### PROBLEM
The required output is an exact copy of the lines from the one containing "Metallic bonding strength" through the end of the entries below, with pictures removed.
= Beginning of Section =
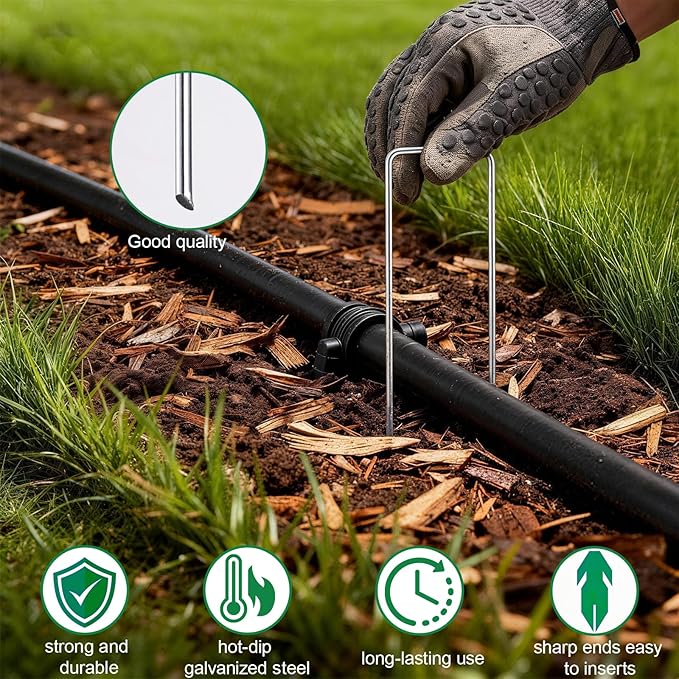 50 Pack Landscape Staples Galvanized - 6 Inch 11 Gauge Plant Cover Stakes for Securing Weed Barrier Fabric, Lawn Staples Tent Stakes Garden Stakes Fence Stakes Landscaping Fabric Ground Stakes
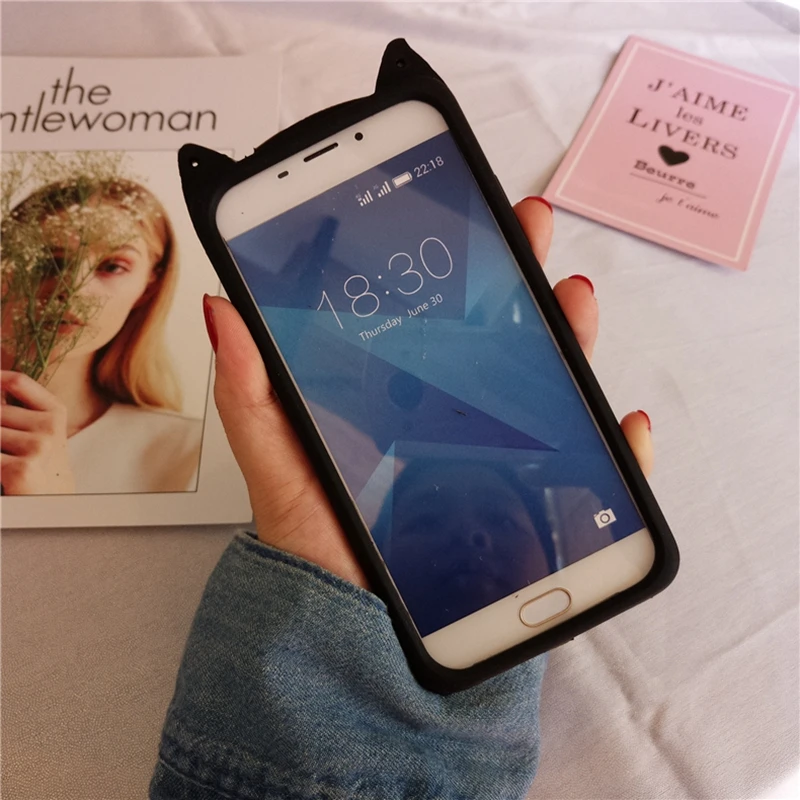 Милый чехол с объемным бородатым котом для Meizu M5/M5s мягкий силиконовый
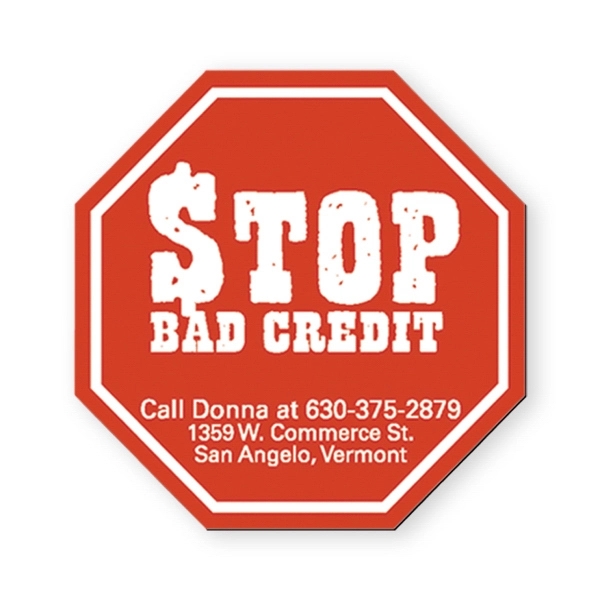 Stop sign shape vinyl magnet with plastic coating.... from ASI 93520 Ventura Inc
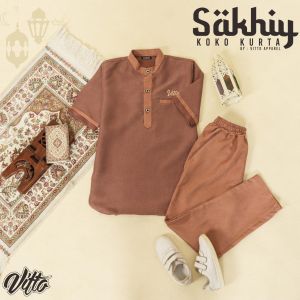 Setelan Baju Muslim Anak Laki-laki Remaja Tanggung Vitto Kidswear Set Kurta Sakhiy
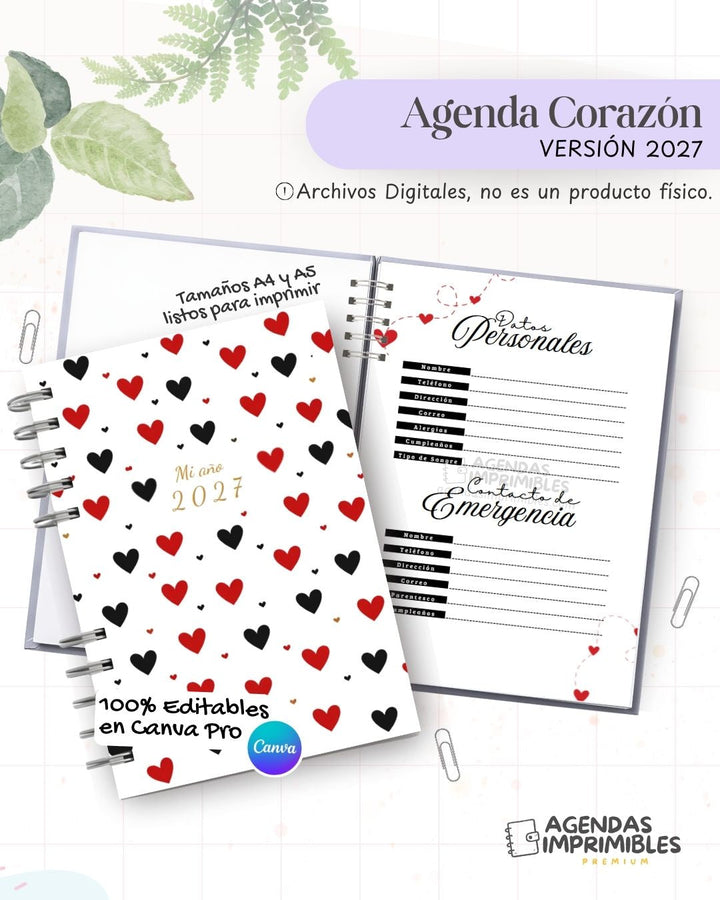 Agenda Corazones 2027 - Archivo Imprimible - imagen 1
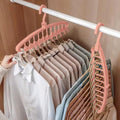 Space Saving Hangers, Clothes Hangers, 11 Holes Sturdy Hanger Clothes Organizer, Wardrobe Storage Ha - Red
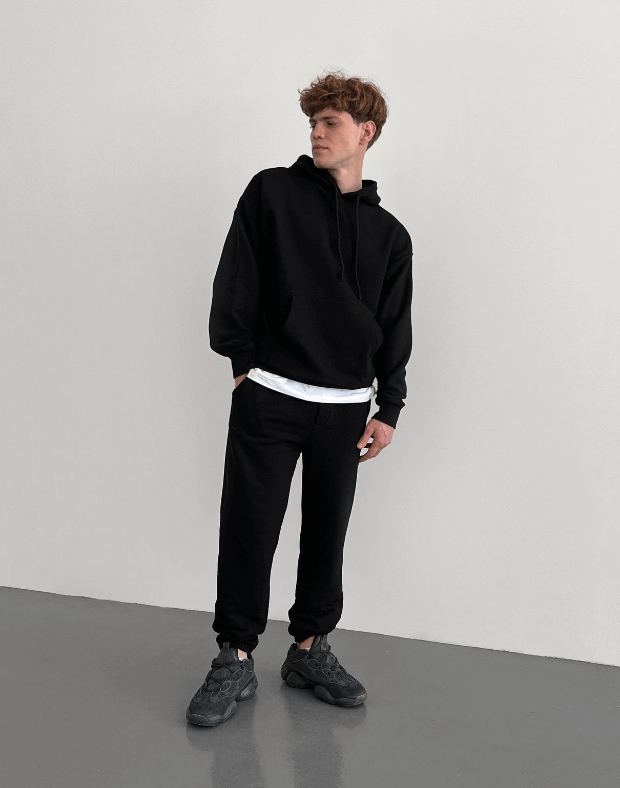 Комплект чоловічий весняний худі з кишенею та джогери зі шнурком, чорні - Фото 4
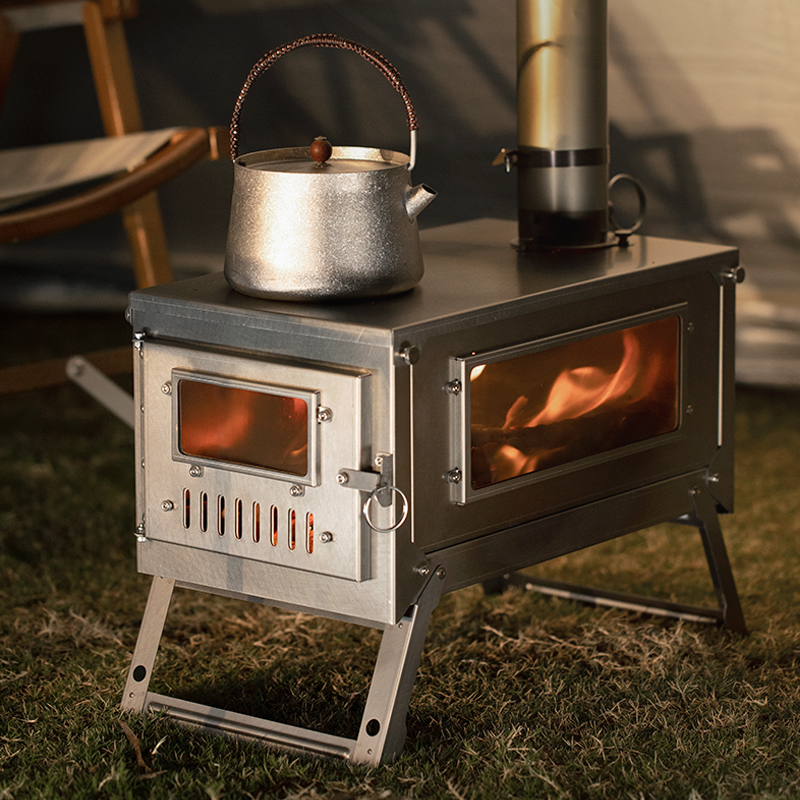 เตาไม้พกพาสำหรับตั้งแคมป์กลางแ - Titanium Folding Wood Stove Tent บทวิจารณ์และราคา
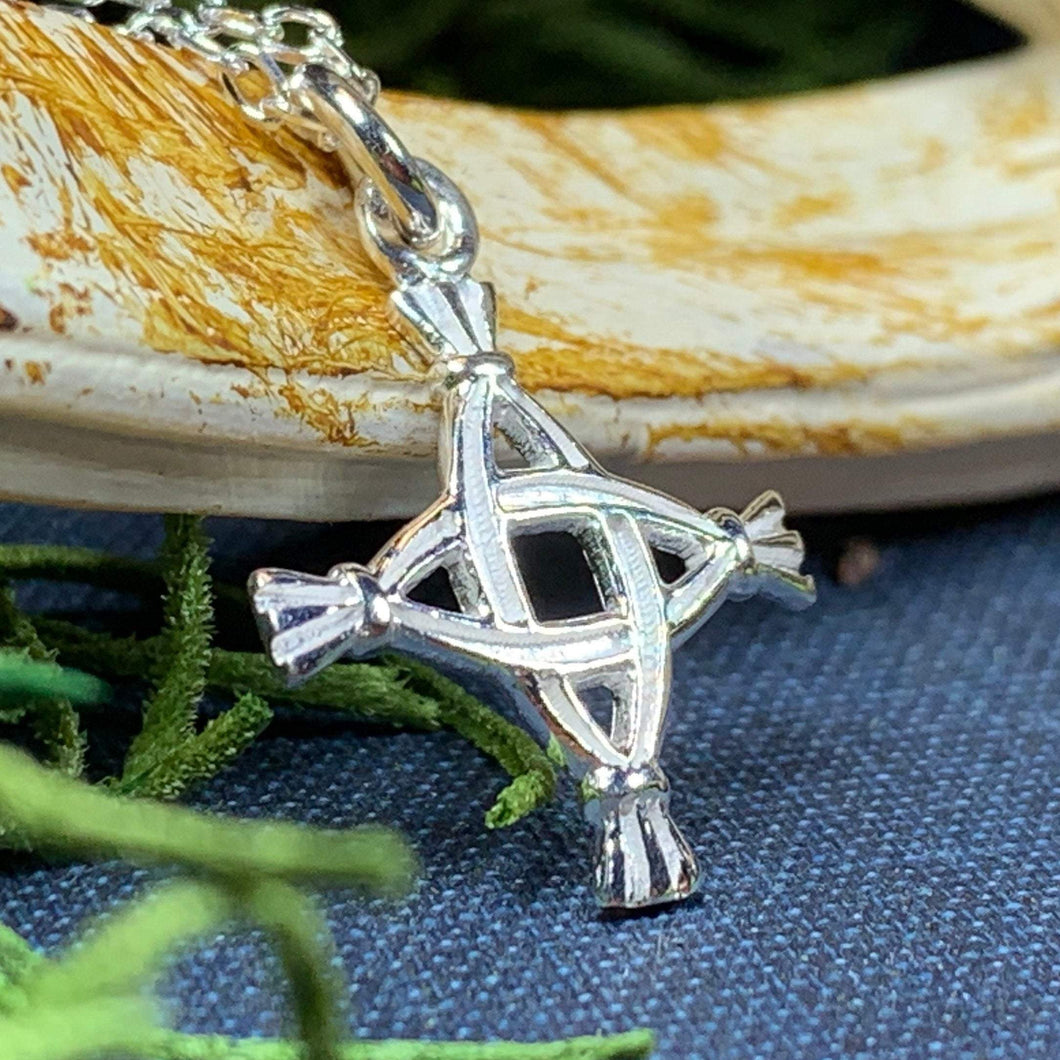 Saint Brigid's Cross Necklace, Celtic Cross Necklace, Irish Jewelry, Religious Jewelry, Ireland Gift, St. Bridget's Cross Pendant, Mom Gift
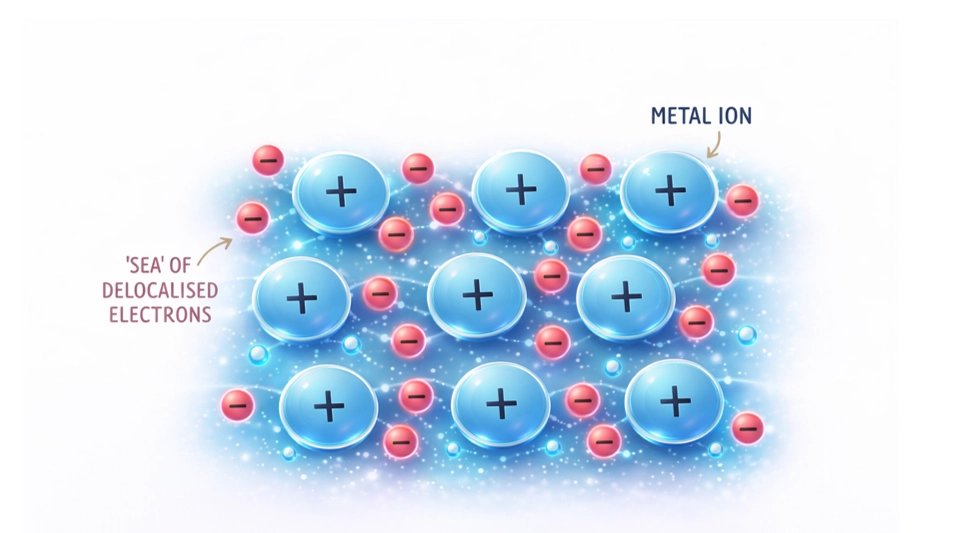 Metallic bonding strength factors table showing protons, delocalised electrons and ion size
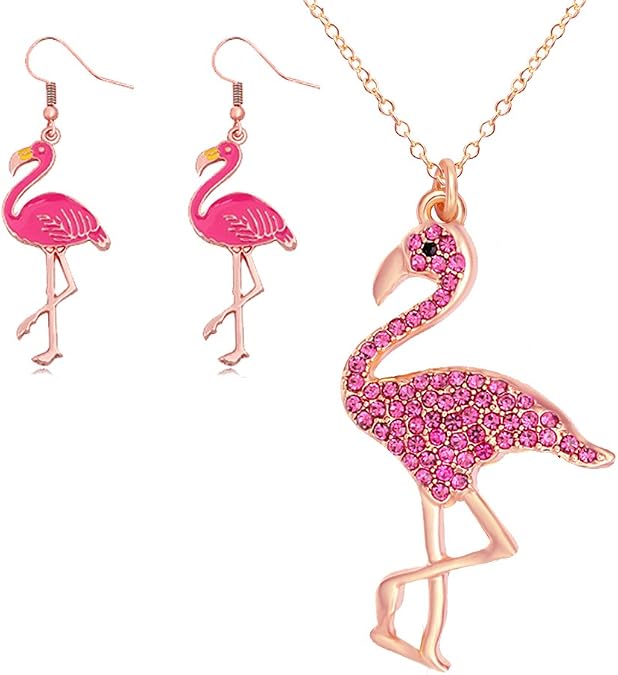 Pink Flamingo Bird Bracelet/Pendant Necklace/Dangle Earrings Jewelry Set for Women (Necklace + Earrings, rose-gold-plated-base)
= End of Section =
### RESULT OF THIS TASK
 Metallic bonding strength factors table showing protons, delocalised electrons and ion size
 Pink Flamingo Bird Bracelet/Pendant Necklace/Dangle Earrings Jewelry Set for Women (Necklace + Earrings, rose-gold-plated-base)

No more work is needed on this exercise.